Deb Barros, assistant fire cheif, added that members of the DFD helped contribute to the addition of the concrete mixer.

"We have a firefighter that’s a welder and he was instrumental in assembling it," she said. "Mark Selle, whose our fire marshall, made a lot of phone calls to get it coordinated to get everybody here on the right time when we needed them and they were more than willing to oblige us."

All-in-all Presnell was very appreciative for the new equipment, but was even more humbled by the showing of teamwork that the construction community proved to have in their support for the local fire department.

"This community really gets behind the fire department and we just really love the support and that’s what drives us to get better training a well-oiled machine in terms of the responding to this kind of stuff," Presnell said. "Without these collaborations and these partnerships within the community, this wouldn’t have happened. Everybody here really contributed to making this possible, and a success."

Odegaard added to what the first responders mean to the community and how much of an honor it is to support the DFD.

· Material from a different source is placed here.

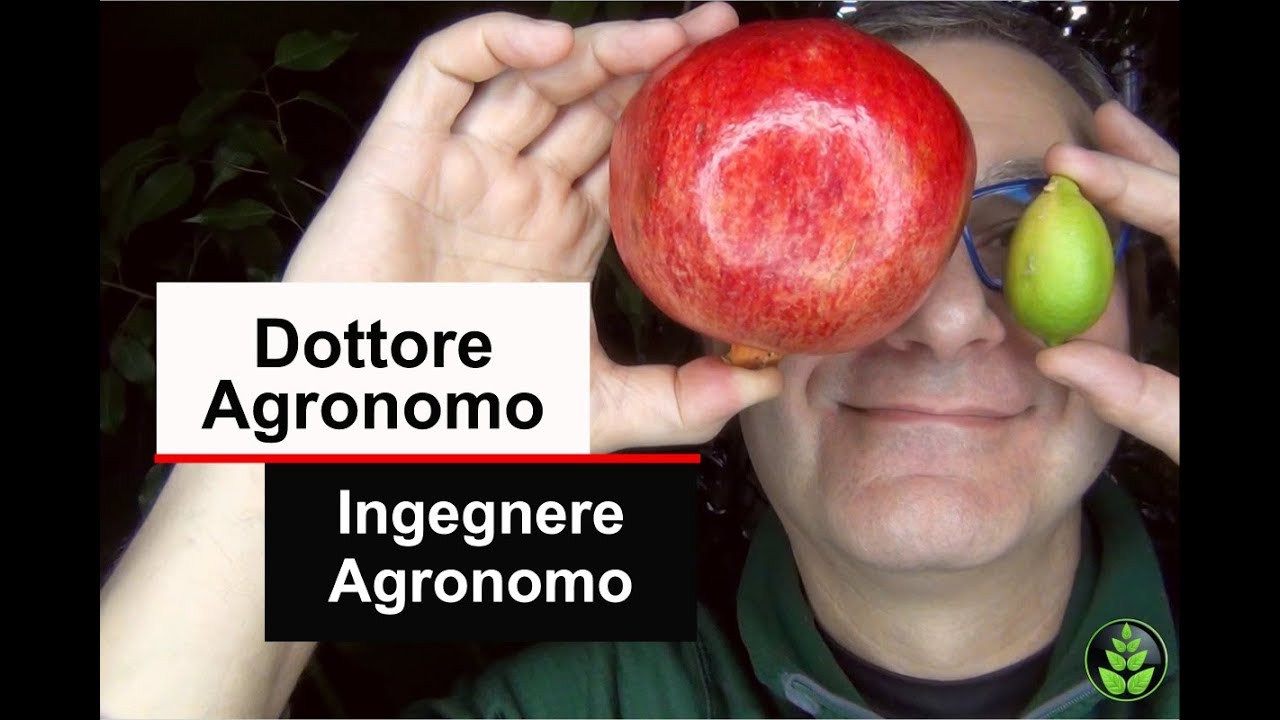 Dottore Agronomo o Ingegnere Agronomo?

"I think it just goes to the point that this is a community effort and the community supports our front line people such as firefighters," he said. "If we can help them in any way to give them training tools so that they can be safe and come home safe after that call comes in, and likewise take care of our community in the fashion that they have and we’ll continue to take care of. We’re all really happy and appreciative."

The donors added they will continue to support the Dickinson Fire Department any way they can, knowing that their contributions helps make the department and Dickinson an even better and stronger community that works together and looks out for each other.

"I think we all have peace of mind knowing that we have a well trained fire team, protecting this community," Olin said.